BEGIN DATA EXTRACTS

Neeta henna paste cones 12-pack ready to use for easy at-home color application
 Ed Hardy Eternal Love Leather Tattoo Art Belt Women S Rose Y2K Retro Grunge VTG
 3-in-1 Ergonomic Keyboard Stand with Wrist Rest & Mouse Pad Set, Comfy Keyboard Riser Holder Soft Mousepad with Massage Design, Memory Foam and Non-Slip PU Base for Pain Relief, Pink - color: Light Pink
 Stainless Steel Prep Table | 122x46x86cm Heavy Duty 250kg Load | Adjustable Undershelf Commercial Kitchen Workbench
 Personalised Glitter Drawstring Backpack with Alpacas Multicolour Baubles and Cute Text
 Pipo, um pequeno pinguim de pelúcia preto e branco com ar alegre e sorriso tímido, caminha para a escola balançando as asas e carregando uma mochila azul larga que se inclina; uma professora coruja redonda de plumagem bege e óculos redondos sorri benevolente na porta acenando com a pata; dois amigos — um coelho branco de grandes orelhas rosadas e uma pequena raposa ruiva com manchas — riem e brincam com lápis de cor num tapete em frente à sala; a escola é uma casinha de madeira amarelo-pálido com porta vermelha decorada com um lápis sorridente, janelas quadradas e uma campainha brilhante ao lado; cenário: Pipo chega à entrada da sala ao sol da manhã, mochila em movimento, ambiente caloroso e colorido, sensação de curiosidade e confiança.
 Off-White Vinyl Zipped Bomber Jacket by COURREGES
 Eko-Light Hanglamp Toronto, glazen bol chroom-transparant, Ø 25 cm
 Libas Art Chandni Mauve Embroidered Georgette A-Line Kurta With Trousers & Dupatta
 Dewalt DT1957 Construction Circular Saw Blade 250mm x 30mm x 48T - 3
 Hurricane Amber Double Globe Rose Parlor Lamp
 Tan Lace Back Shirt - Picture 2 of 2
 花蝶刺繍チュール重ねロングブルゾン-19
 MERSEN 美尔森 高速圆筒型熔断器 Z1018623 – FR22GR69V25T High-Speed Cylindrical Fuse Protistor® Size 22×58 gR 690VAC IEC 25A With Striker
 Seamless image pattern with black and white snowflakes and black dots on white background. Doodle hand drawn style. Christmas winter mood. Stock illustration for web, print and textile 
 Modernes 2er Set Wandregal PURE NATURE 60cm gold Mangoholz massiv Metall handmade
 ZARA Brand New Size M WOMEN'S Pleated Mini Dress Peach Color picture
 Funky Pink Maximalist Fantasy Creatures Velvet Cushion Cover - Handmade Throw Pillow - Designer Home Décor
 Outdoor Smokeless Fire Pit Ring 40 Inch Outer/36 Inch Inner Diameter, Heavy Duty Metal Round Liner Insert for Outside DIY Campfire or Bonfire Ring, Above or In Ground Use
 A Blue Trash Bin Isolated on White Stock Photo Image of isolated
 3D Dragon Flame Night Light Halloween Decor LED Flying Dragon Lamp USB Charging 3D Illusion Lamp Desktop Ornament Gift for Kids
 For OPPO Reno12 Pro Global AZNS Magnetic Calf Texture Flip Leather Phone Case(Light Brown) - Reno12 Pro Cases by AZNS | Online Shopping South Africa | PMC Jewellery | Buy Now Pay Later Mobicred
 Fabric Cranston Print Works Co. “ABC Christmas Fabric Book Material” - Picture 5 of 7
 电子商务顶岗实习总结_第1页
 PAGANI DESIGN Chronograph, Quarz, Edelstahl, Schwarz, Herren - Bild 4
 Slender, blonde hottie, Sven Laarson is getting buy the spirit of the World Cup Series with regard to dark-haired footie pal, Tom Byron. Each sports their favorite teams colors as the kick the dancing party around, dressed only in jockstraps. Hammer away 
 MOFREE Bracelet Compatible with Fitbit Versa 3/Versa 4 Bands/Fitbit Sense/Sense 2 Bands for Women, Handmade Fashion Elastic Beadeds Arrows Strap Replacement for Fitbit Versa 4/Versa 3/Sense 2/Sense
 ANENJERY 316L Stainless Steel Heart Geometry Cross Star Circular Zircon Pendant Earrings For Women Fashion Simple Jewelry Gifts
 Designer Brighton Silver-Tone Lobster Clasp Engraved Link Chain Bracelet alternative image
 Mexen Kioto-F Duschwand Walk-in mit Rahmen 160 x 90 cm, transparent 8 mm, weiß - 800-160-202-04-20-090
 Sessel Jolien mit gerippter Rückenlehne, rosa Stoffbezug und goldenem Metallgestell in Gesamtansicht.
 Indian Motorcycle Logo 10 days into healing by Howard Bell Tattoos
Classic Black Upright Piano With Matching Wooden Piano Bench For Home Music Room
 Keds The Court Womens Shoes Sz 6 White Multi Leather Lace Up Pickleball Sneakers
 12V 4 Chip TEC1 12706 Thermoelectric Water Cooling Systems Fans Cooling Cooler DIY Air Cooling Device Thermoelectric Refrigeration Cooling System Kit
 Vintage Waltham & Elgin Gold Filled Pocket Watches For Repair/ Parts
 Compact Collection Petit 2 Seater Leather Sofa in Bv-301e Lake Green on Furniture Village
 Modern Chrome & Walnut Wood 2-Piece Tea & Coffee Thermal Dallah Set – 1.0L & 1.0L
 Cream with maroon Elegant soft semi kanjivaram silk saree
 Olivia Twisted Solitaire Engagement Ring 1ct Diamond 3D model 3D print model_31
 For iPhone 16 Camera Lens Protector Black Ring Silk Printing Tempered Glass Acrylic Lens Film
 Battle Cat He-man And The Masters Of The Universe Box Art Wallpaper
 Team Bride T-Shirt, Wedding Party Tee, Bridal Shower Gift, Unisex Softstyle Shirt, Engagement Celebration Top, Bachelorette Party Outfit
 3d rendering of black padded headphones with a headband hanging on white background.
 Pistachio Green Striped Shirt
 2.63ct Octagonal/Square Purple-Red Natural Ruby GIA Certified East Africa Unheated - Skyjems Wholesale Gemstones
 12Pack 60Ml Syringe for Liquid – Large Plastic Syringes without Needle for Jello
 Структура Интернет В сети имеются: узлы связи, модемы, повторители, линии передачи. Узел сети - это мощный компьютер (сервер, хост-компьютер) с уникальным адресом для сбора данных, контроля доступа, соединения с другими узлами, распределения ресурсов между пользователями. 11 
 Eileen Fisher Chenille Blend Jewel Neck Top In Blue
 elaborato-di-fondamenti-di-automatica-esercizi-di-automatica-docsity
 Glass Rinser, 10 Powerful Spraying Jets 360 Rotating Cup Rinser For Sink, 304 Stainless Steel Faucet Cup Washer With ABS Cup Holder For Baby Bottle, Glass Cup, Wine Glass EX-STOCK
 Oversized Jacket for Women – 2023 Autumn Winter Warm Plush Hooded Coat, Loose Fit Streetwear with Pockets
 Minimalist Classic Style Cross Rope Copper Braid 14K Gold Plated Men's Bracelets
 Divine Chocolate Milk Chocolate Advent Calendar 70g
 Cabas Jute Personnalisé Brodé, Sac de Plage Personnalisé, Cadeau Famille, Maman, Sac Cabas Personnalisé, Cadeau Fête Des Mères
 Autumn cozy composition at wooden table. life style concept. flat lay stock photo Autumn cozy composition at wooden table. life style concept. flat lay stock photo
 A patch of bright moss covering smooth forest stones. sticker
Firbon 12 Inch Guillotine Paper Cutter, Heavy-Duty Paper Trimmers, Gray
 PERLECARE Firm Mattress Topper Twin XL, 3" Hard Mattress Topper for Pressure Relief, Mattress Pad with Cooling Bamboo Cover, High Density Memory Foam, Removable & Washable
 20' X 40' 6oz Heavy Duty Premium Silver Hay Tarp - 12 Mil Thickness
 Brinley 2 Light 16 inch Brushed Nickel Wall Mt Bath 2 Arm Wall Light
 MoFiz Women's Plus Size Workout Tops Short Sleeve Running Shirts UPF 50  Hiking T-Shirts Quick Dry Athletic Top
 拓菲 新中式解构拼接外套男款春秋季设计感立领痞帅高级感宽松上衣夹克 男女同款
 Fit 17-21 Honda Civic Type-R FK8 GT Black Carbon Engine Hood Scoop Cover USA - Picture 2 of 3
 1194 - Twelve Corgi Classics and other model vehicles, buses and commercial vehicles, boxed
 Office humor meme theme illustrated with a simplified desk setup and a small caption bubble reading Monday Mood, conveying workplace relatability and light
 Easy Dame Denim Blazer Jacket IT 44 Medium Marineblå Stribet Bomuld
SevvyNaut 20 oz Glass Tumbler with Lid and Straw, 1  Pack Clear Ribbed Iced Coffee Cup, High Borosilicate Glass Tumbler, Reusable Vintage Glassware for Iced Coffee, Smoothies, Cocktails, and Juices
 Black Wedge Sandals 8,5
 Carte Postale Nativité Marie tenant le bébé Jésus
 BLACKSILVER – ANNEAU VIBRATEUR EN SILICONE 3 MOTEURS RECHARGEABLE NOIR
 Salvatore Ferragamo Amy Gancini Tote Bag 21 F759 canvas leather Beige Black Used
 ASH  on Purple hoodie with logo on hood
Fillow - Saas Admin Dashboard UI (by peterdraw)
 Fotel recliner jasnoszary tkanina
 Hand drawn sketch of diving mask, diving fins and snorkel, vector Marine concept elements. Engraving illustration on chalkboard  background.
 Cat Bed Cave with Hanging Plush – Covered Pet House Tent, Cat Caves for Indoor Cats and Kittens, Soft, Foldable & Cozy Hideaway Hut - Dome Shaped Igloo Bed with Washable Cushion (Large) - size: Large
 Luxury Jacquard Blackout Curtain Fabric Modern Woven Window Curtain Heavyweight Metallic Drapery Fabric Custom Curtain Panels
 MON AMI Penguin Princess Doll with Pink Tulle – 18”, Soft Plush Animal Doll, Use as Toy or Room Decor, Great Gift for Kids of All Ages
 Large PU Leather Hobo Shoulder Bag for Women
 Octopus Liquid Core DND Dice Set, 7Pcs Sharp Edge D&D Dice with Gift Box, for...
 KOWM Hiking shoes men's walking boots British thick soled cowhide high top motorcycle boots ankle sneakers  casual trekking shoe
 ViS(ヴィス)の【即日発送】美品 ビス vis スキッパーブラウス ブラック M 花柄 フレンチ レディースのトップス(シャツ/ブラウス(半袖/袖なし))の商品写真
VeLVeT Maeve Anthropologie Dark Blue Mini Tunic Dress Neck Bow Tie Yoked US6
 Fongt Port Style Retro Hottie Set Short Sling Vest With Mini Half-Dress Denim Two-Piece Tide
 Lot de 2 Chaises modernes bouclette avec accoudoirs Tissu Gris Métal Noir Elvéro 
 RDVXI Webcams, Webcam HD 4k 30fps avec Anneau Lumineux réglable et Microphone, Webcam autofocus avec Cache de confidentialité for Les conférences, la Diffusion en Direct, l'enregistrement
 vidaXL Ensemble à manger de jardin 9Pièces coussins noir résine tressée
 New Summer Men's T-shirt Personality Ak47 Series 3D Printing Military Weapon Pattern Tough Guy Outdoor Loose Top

END DATA EXTRACTS

• WORK TO COMPLETE:
Only the lines from the one with "Large PU Leather Hobo Shoulder Bag for Women" through the final line above belong in the answer, each reproduced word for word.

• SOLUTION TO THE EXERCISE:
 Large PU Leather Hobo Shoulder Bag for Women
 Octopus Liquid Core DND Dice Set, 7Pcs Sharp Edge D&D Dice with Gift Box, for...
 KOWM Hiking shoes men's walking boots British thick soled cowhide high top motorcycle boots ankle sneakers  casual trekking shoe
 ViS(ヴィス)の【即日発送】美品 ビス vis スキッパーブラウス ブラック M 花柄 フレンチ レディースのトップス(シャツ/ブラウス(半袖/袖なし))の商品写真
VeLVeT Maeve Anthropologie Dark Blue Mini Tunic Dress Neck Bow Tie Yoked US6
 Fongt Port Style Retro Hottie Set Short Sling Vest With Mini Half-Dress Denim Two-Piece Tide
 Lot de 2 Chaises modernes bouclette avec accoudoirs Tissu Gris Métal Noir Elvéro 
 RDVXI Webcams, Webcam HD 4k 30fps avec Anneau Lumineux réglable et Microphone, Webcam autofocus avec Cache de confidentialité for Les conférences, la Diffusion en Direct, l'enregistrement
 vidaXL Ensemble à manger de jardin 9Pièces coussins noir résine tressée
 New Summer Men's T-shirt Personality Ak47 Series 3D Printing Military Weapon Pattern Tough Guy Outdoor Loose Top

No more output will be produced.